Let $X=\Bbb R \times \{-1,1\}$ with the standard topology. Let $\sim$ be the equivalence relation $(x,j)\sim (y,j)$ if $x=y \neq 0$, for $x,y \in \Bbb R$ and $j,k \in \{-1,1\}$. Prove that the quotient space $X/\sim$ with the quotient topology is not Hausdorff.
I found a nice explanation here The Line with two origins However the explanation is more about the intuition , they do it "1-dimensionally" i.e working with a single line every time, and there are not many details of the computations.
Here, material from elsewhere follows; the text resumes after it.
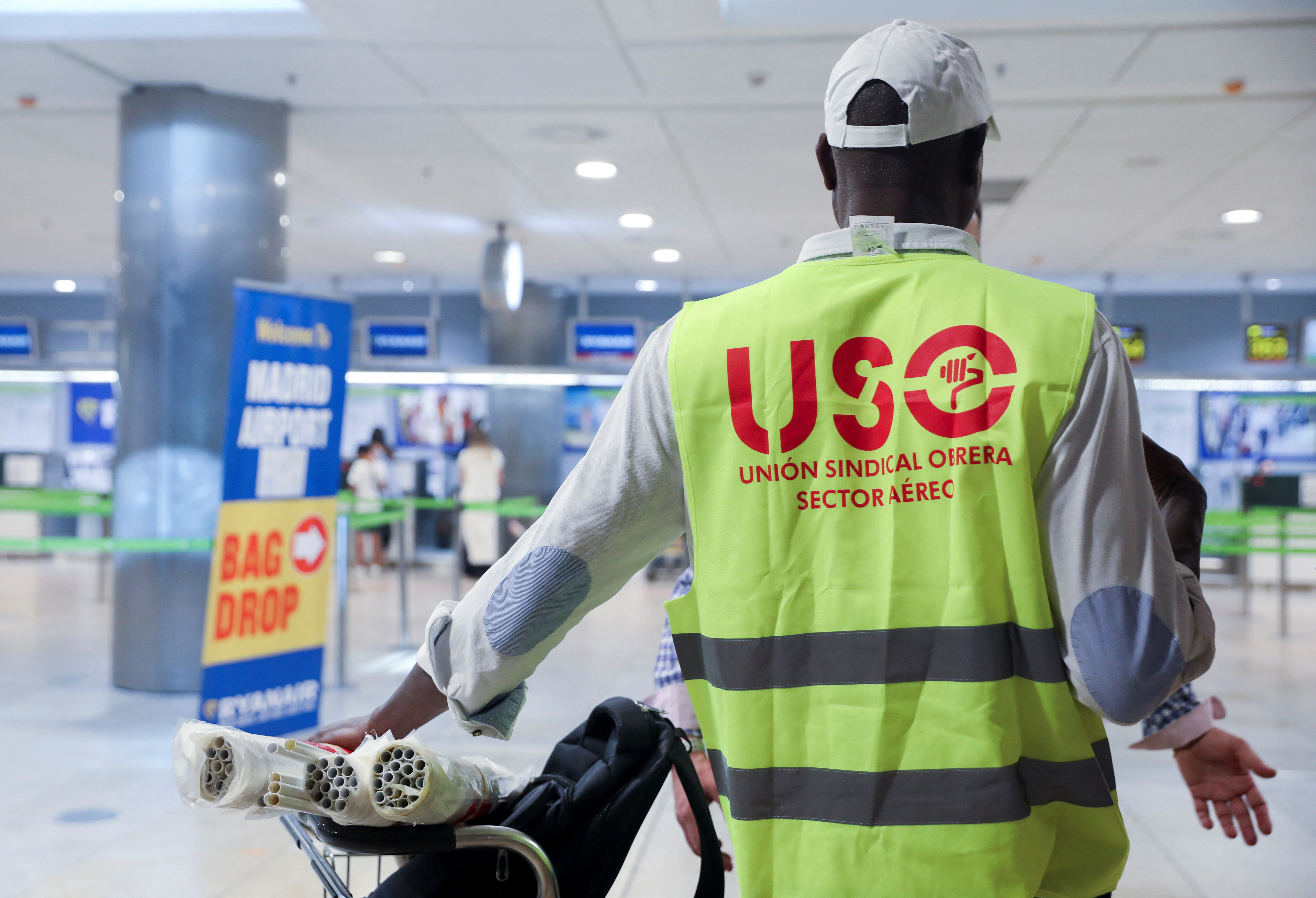 Miembros del sindicato USO en el aeropuerto de Madrid-Barajas (REUTERS/Isabel Infantes)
The intuition is clear though, I would like some help with the details.
I am trying to prove it working with the two lines in the original space, but I have a problem at the end.
Take $p=(0,1), q=(0,-1)$ in $X/\sim$ and $U_p$ and $U_q$ open nbhds respectively of $p $ and $q$. I want to show that the intersection is always non-empty by showing that the intersection of the pre-images via the projection map $\pi: X\to X/\sim$ is non-empty. .
Now a basis for the topology of $X$ ,given that its is a product space, is given by the product of open subsets of $\Bbb R$ and $\{-1,1\}$, i.e. $(-\epsilon, \epsilon)\times\{j\}$, where $j\in \{-1,1\}$. This is because the open subsets of a discrete space are the points themselves
By the definition of quotient topology, since $U_p$ and $U_q $are open in $X/\sim$, $\pi^{-1}(U_p)$ and $\pi^{-1}(U_q)$ are open in $X$.By definition of openness there exists open nbhds contained in each of these 2 sets, which using the basis of the product space must be $(-\epsilon, \epsilon)\times\{j\}$ and $(-\epsilon', \epsilon')\times\{j'\}$. Since $p=(0,1)$ is in the first one and $q=(0,-1)$ is in the second one, this forces $j=1, j'=-1$. But now I am in trouble because $(-\epsilon, \epsilon)\times\{1\}$ and $(-\epsilon', \epsilon')\times\{-1\}$ are disjoint (all because of the second components), while the idea was to see that they intersect
What am I doing wrong and how do I fix it?